Task to carry out: Keep the pictures out. Copy every line of the listing exactly.

Data extract:
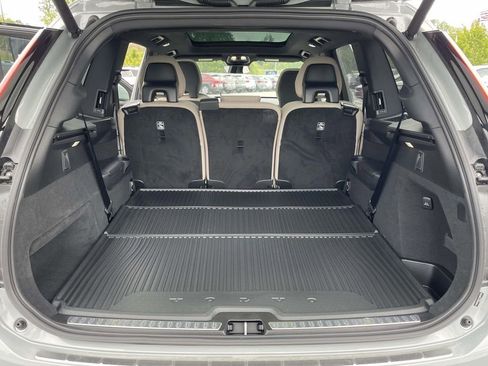 New 2026 Volvo XC90 B6 Plus w/ Protection Package Premier AWD/4WD image 30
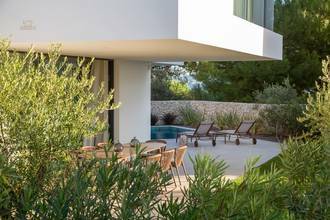 Thumbnail von Villa de luxe moderne avec piscine près du rivage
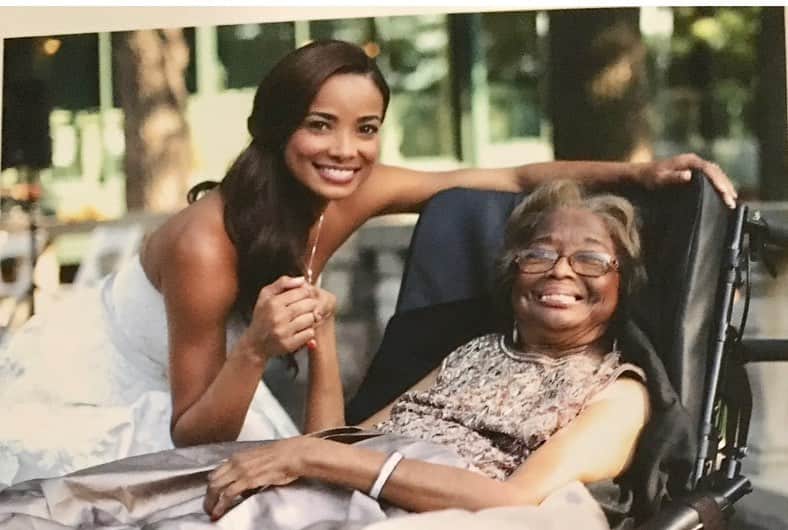 ロッチェル・エイツのインスタグラム：「Wishing my beautiful mother a Happy Heavenly Birthday! 😘😇🙏🏽You would have been 76 today. I miss sharing our birthdays together. You were the true definition of resilience , unconditional love and strength! Oh how blessed I am to have had a mother like you. RIP Mommy! ♥️🙏🏽」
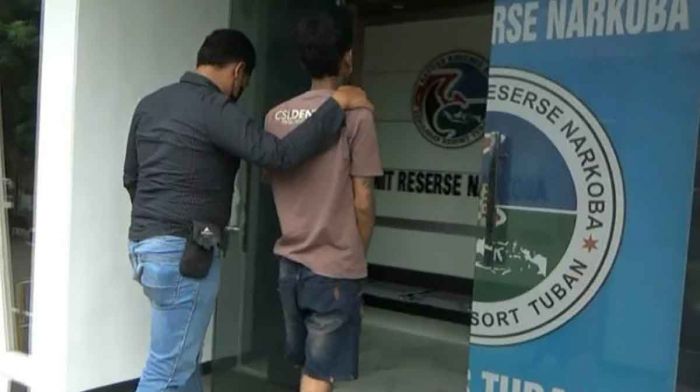 Satreskoba Polres Tuban Bekuk Pemuda Bertato Pengedar Pil Koplo Satreskoba Polres Tuban Bekuk Pemuda Bertato Pengedar Pil Koplo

Solution to the exercise:
 New 2026 Volvo XC90 B6 Plus w/ Protection Package Premier AWD/4WD image 30
 Thumbnail von Villa de luxe moderne avec piscine près du rivage
 ロッチェル・エイツのインスタグラム：「Wishing my beautiful mother a Happy Heavenly Birthday! 😘😇🙏🏽You would have been 76 today. I miss sharing our birthdays together. You were the true definition of resilience , unconditional love and strength! Oh how blessed I am to have had a mother like you. RIP Mommy! ♥️🙏🏽」
 Satreskoba Polres Tuban Bekuk Pemuda Bertato Pengedar Pil Koplo Satreskoba Polres Tuban Bekuk Pemuda Bertato Pengedar Pil Koplo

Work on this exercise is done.